Actor Mike Godson wrote an open letter to the Vice President of Nigeria, Prof, Yemi Osinbajo to inform him that there’s hunger in the land and he has been affected by it.
The Nollywood actor said he is down to his last post of soup and there’s no hope for another as he can’t work at the moment due to the Coronavirus lockdown in Nigeria.
He added that he can’t go out to look for food, for fear of being arrested by the task force.
He wrote: “Your exellency the vice president federal republic of NIGERIA.
“Dear sir, My name is “Mike Godson” I’m a Nigerian Actor with the Nigerian film industry.
“Sir, We have been instructed by the federal and state government to strictly avoid social gatherings and stay in our various houses, due to the spread of the virus.
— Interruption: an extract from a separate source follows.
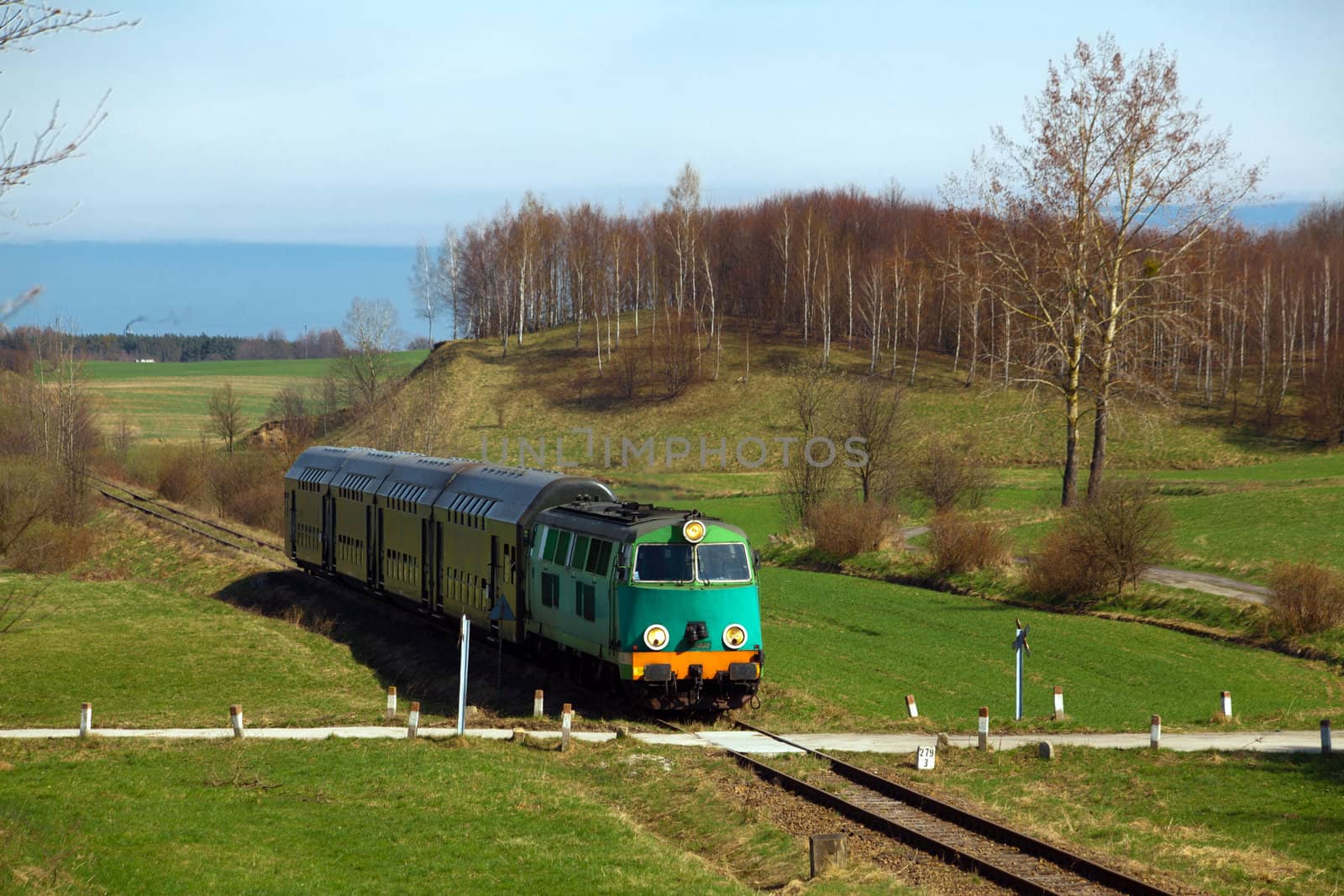 Passenger train passing through countryside by remik44992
I must commend the federal and state government levels for the aggressive measures put in place to ensure the country’s safety. But sir, the hunger in the land has finally reached my house.
“As I write this letter, I have just finished eating my last pot of soup and there’s no hope for another one as my source of income has been put on hold until further notice.
“Your exellency sir, i have no more money to feed. If you were in Lagos, I would have walked straight to your house and ask for food because I stay in the same estate with you.
“I know I will be arrested by those mobile police officers in thier hundreds, assigned to your residence after I must have shouted your name 3 times. But sir, as long as I see you and ask for food to eat, I don’t mind being purnished for hunger at this point.
“Finally sir, I just want to know if the relief packages sent out in envelopes by the federal government will reach this side of Lagos, because your exellency sir, The Hunger on the way will be more than corona virus O! Please help O! Thank you Sir. @profosinbajo Yours sincerely!”
He added in another post: “For those that reached out to offer me a new pot of soup, thanks alot. But my post was for the vice president and not for you. I was asking for my own share of the 15billion sent out to Nigerians to help keep them at home.